-- Entries provided follows --

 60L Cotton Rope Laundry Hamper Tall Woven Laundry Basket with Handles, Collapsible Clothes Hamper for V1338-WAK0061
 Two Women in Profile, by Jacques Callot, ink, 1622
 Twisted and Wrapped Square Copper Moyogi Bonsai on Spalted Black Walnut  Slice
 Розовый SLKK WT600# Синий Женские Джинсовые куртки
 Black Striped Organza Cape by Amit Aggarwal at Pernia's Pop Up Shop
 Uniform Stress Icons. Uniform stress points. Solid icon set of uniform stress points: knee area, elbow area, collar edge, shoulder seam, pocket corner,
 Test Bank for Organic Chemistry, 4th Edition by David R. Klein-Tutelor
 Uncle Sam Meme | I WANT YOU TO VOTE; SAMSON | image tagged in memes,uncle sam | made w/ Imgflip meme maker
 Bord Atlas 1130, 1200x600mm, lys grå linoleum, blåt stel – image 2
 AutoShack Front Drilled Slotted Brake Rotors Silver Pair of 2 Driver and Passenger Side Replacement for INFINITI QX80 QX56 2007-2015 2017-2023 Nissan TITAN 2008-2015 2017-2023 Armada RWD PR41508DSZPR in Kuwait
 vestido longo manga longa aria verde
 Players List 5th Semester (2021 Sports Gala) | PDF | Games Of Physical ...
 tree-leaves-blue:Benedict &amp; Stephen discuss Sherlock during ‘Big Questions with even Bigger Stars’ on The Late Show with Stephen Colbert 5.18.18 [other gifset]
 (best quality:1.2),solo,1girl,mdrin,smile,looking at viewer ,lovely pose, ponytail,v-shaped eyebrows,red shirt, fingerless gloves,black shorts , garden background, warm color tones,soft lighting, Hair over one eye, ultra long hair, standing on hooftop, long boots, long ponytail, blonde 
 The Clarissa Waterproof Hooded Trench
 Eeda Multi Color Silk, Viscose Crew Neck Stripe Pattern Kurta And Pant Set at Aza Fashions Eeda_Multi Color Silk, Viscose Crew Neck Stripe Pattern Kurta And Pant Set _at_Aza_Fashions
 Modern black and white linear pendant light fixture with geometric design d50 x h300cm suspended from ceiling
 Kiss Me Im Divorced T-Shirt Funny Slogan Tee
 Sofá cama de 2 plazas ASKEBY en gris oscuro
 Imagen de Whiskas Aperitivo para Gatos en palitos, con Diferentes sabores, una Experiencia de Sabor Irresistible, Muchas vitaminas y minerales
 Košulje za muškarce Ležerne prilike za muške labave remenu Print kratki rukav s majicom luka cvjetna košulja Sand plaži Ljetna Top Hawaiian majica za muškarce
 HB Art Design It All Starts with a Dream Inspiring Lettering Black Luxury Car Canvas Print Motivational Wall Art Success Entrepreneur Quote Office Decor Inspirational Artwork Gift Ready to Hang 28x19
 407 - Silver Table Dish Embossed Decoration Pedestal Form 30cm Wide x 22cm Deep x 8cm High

-- Entries provided concluded --

→ **Prompt**: Reproduce every record exactly, line by line.

→ **Result**:
 60L Cotton Rope Laundry Hamper Tall Woven Laundry Basket with Handles, Collapsible Clothes Hamper for V1338-WAK0061
 Two Women in Profile, by Jacques Callot, ink, 1622
 Twisted and Wrapped Square Copper Moyogi Bonsai on Spalted Black Walnut  Slice
 Розовый SLKK WT600# Синий Женские Джинсовые куртки
 Black Striped Organza Cape by Amit Aggarwal at Pernia's Pop Up Shop
 Uniform Stress Icons. Uniform stress points. Solid icon set of uniform stress points: knee area, elbow area, collar edge, shoulder seam, pocket corner,
 Test Bank for Organic Chemistry, 4th Edition by David R. Klein-Tutelor
 Uncle Sam Meme | I WANT YOU TO VOTE; SAMSON | image tagged in memes,uncle sam | made w/ Imgflip meme maker
 Bord Atlas 1130, 1200x600mm, lys grå linoleum, blåt stel – image 2
 AutoShack Front Drilled Slotted Brake Rotors Silver Pair of 2 Driver and Passenger Side Replacement for INFINITI QX80 QX56 2007-2015 2017-2023 Nissan TITAN 2008-2015 2017-2023 Armada RWD PR41508DSZPR in Kuwait
 vestido longo manga longa aria verde
 Players List 5th Semester (2021 Sports Gala) | PDF | Games Of Physical ...
 tree-leaves-blue:Benedict &amp; Stephen discuss Sherlock during ‘Big Questions with even Bigger Stars’ on The Late Show with Stephen Colbert 5.18.18 [other gifset]
 (best quality:1.2),solo,1girl,mdrin,smile,looking at viewer ,lovely pose, ponytail,v-shaped eyebrows,red shirt, fingerless gloves,black shorts , garden background, warm color tones,soft lighting, Hair over one eye, ultra long hair, standing on hooftop, long boots, long ponytail, blonde 
 The Clarissa Waterproof Hooded Trench
 Eeda Multi Color Silk, Viscose Crew Neck Stripe Pattern Kurta And Pant Set at Aza Fashions Eeda_Multi Color Silk, Viscose Crew Neck Stripe Pattern Kurta And Pant Set _at_Aza_Fashions
 Modern black and white linear pendant light fixture with geometric design d50 x h300cm suspended from ceiling
 Kiss Me Im Divorced T-Shirt Funny Slogan Tee
 Sofá cama de 2 plazas ASKEBY en gris oscuro
 Imagen de Whiskas Aperitivo para Gatos en palitos, con Diferentes sabores, una Experiencia de Sabor Irresistible, Muchas vitaminas y minerales
 Košulje za muškarce Ležerne prilike za muške labave remenu Print kratki rukav s majicom luka cvjetna košulja Sand plaži Ljetna Top Hawaiian majica za muškarce
 HB Art Design It All Starts with a Dream Inspiring Lettering Black Luxury Car Canvas Print Motivational Wall Art Success Entrepreneur Quote Office Decor Inspirational Artwork Gift Ready to Hang 28x19
 407 - Silver Table Dish Embossed Decoration Pedestal Form 30cm Wide x 22cm Deep x 8cm High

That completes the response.